One top-of-mind topic is cutting greenhouse gas emissions produced by the transport sector. Nathalie Morin, Transport Canada’s Executive Director of Decarbonization, said the federal government is aiming for reducing greenhouse gas emissions by 40 to 45 per cent below 2005 levels by 2030 and to achieve a net-zero economy by 2050. Canada and the U.S. have agreed to accelerate policy actions to help their transportation sectors contribute to the reduction, she said. That includes the establishment of green shipping corridors: zero-emission maritime routes between two or more ports.

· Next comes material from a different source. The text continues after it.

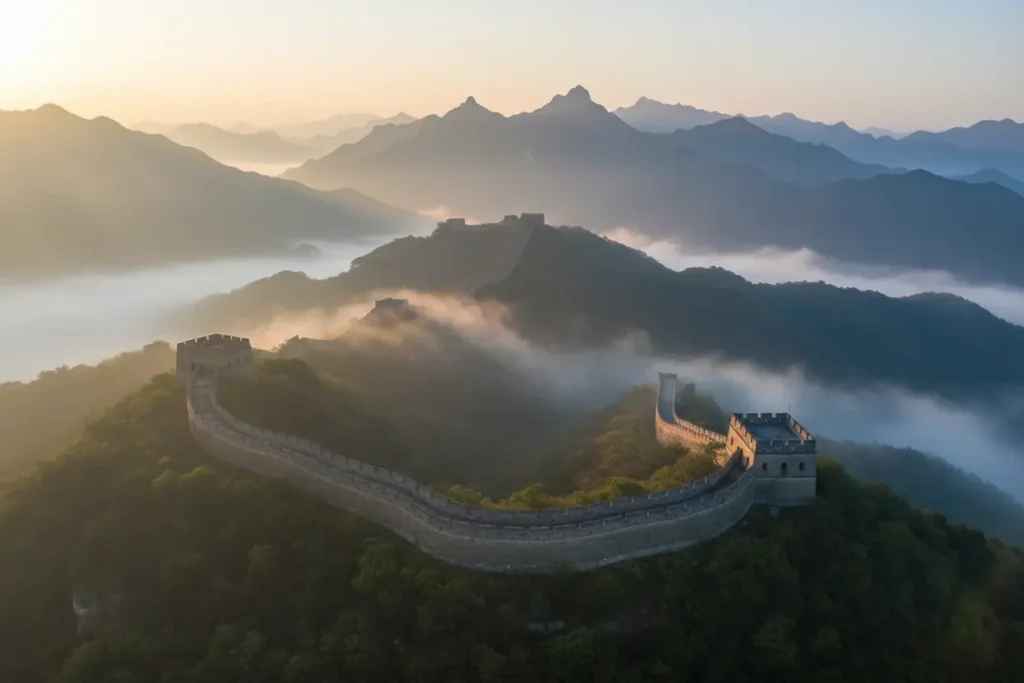 Muralha da China em paisagem matinal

Canada also wants to strengthen global efforts to achieve zero emissions from international shipping by 2050, including through actions by IMO, to achieve reduced carbon intensity by at least 40 per cent by 2030 moving towards 70 per cent by 2050.

Transport Canada and the U.S. Department of Transportation have jointly called for the development of green transport infrastructure along the border, including in the management of the Great Lakes and St. Lawrence Seaway for maritime navigation, Morin said. They also want to work to advance cleaner, sustainable and renewable fuels for shipping and work with IMO to implement the ban on the use and carriage of heavy fuel oil in the Arctic.

John Schmidt, Program Manager for the Great Lakes St Lawrence Governor & Premiers, said the organization wants to see the development of a blue economy in the region. That would be a key component of its Working Great Lakes program to improve shipping, cruising, investment in ports and freshwater fisheries.

Canadian and American vessels account for most of the current carbon emissions through the Seaway and the Lakes, which reached 1.2 million tonnes in 2019. Introduction of electric shore power would help reduce that amount. The Great Lakes St Lawrence Circuit already provides electric shore power in 16 ports from Duluth- Superior to Quebec City, he said.

The meeting also heard other interesting presentations that could also help cut GHG emissions in the region. Christopher Morgan, CEO and Founder of Hoverlink Ontario Inc., said the introduction of a hovercraft passenger service between Niagara and Toronto could reduce a lengthy drive to a 30-minute trip across Lake Ontario.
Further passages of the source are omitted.